_TASK STATEMENT_
Start to finish, print the data below exactly, without the images.

_DATA BLOCK_
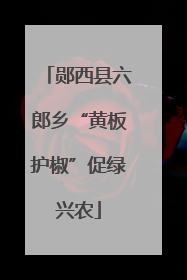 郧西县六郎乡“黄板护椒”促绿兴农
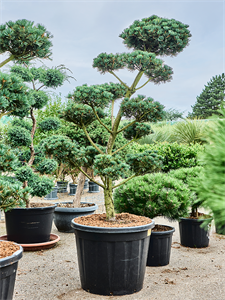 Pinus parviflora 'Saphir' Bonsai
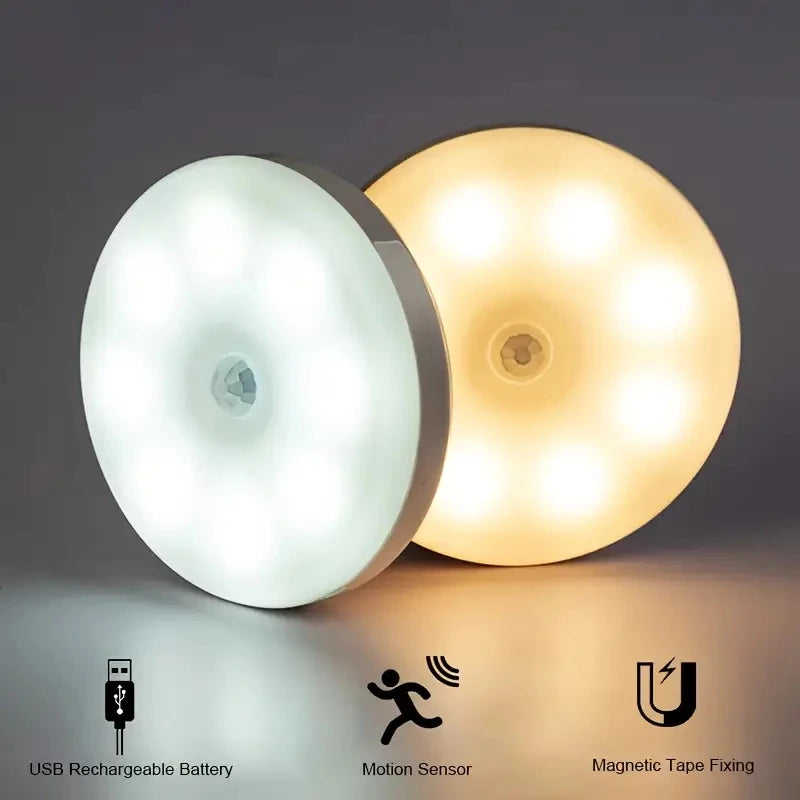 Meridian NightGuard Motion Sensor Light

_RESPONSE TO THIS EXERCISE_
 郧西县六郎乡“黄板护椒”促绿兴农
 Pinus parviflora 'Saphir' Bonsai
 Meridian NightGuard Motion Sensor Light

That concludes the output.